PJB: What films do you love watching?

KM: I grew up with pop culture films and that’s what I enjoy watching over and over again: the old Jackie Chan, Bruce Lee stuff, Alien, The Terminator… boy films. I was indoctrinated early—when my parents wanted to see Werewolf in London, they dragged me along. Back in those days, they didn’t care if you brought your kids to see an adult movie. And I remember hiding behind my mothers back and looking over to see my father on the other side hiding behind her too. Being taken to see John Carpenter’s The Thing at the Drive-in and having to find the toilet in darkness while on screen the thing was breaking out of a dog’s body… I have fond memories, I love genre. I think Cleverman, the series that has been developed by Goalpost for the ABC is going to be intriguing. I think those indigenous characters can really break through to an international audience—I hope it sparks a wave about how indigenous characters on screen are perceived, and become a part of the cool thing.

PJB: You love cinema as escape and fantasy, pleasure and excitement but documentary is about the real. How do you reconcile the real and the entertaining?

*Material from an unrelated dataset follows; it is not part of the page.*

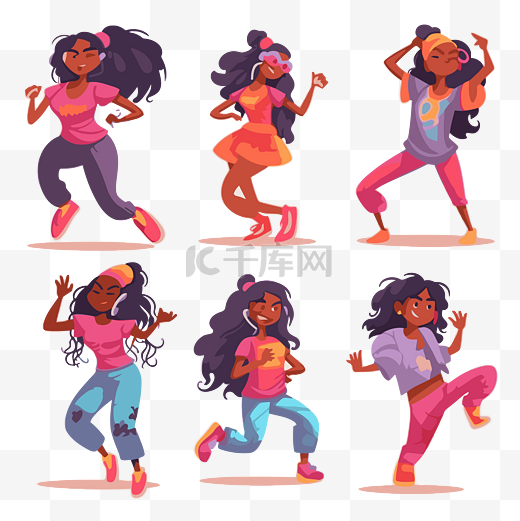 尊巴舞剪贴画，由身着色彩缤纷的黑人女性以不同姿势跳舞的卡通人物组成 向量图片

KM: Prison Songs is an example of trying to create something entertaining, despite the heaviness of the subject matter. I don’t know if we succeeded but people seem to have responded. You look at the success of documentaries like Sherpa, That Sugar Film, Gayby Baby, Frackman—they have audiences, people want these stories and authored one-off documentaries; people are pulling away from serialised factual content you see on the ABC and SBS. I think story over-rides the categories of fiction and non-fiction because that’s what audiences want and engage with.

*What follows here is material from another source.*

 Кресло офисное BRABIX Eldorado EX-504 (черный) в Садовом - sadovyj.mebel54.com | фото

PJB: I can’t let you go without asking you about the Good Pitch²Australia experience. How was it for you and what did it mean for the film?

KM: For me, the Good Pitch experience was one of re-learning what documentary could do.  Meeting Ian and the Shark Island crew, the other filmmakers during our workshops, and the incredibly generous supporters from Documentary Australia Foundation, there was a real sense of taking films out beyond the TV screens and cinema screens—to promote films not just as one-way narratives, but as game-changing catalysts for important social issues.

In relation to Prison Songs, this has meant that our film – critically applauded but viewed by very few – will now become part of a national campaign for changing the conversation around over-incarceration of Indigenous people.  I thought once we had made the film it would sit on a shelf somewhere, but Good Pitch has made it so, so much more.

Postscript: At the time of posting this interview,  news came of  Tiga Bayles death.  A Birri Gubba Gungalu man and a Dawson River Murri, Tiga Bayles contributed much in his life. An early chairman of the NSW Aboriginal Land Council, and named Queensland Father of the Year in 2005. He raised nine girls, and was Australia’s most prominent – and awarded – First Nations broadcaster.  A statement issued by the Brisbane Indigenous Media Association on behalf of his family can be read here.  Our condolences to Tiga Bayles’ family, friends and colleagues.